> _Activity_
Starting with the line that holds "Volkswagen Crafter - 20", reproduce each line through the last one of the data, exactly as written. Pictures are not copied.

BEGIN Available data

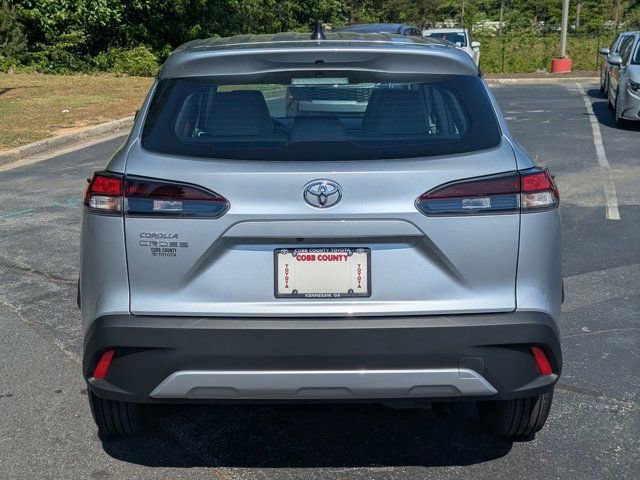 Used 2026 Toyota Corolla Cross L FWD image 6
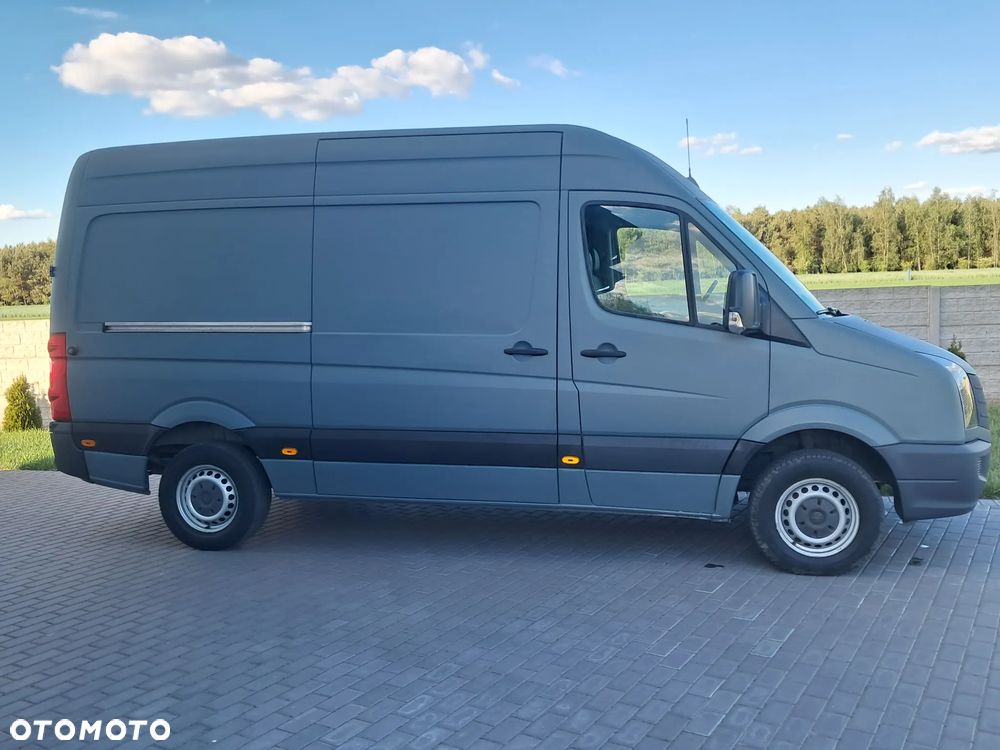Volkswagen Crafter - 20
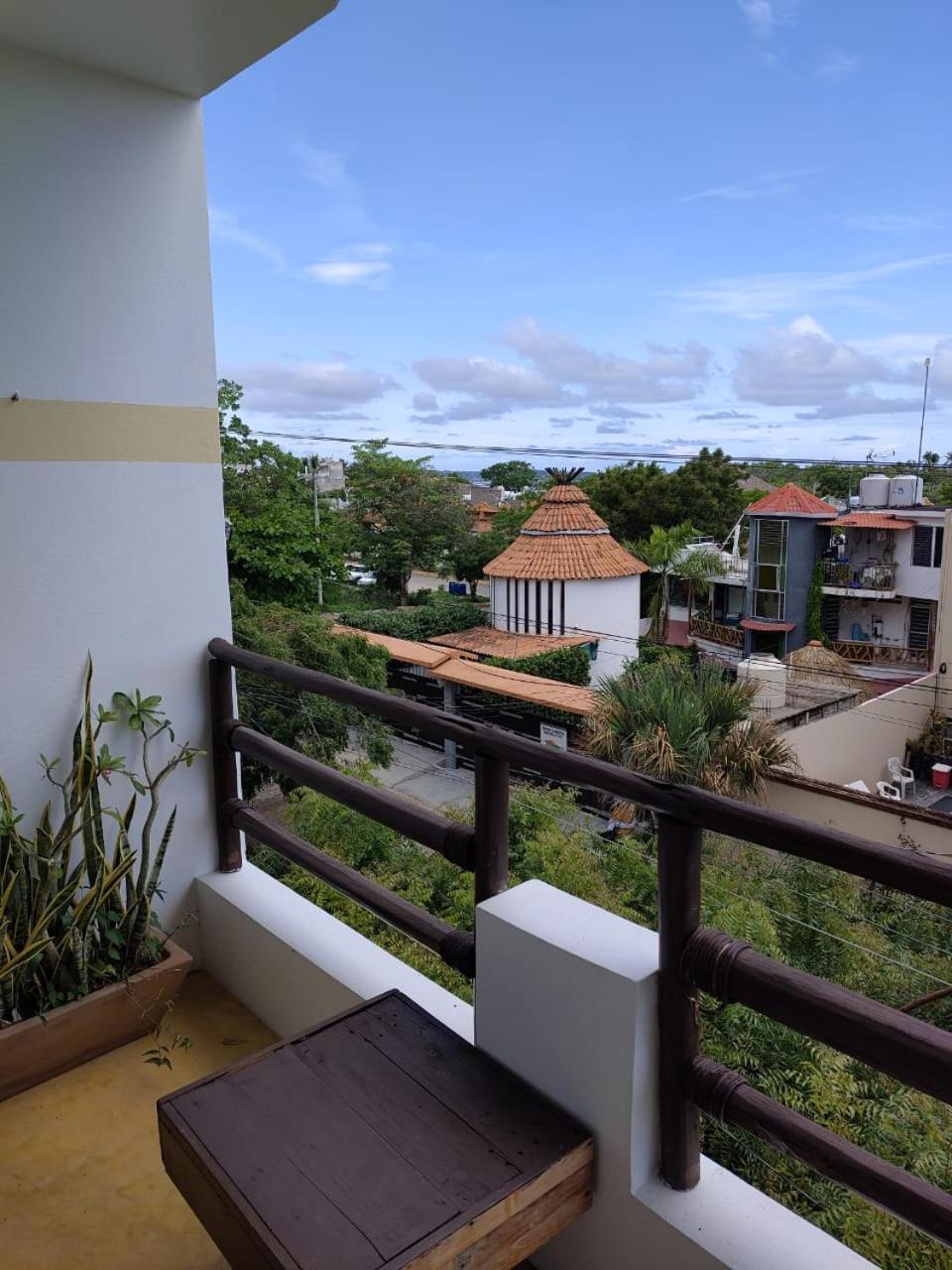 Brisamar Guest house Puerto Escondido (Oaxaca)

END Available data

> _Response to this task_
Volkswagen Crafter - 20
 Brisamar Guest house Puerto Escondido (Oaxaca)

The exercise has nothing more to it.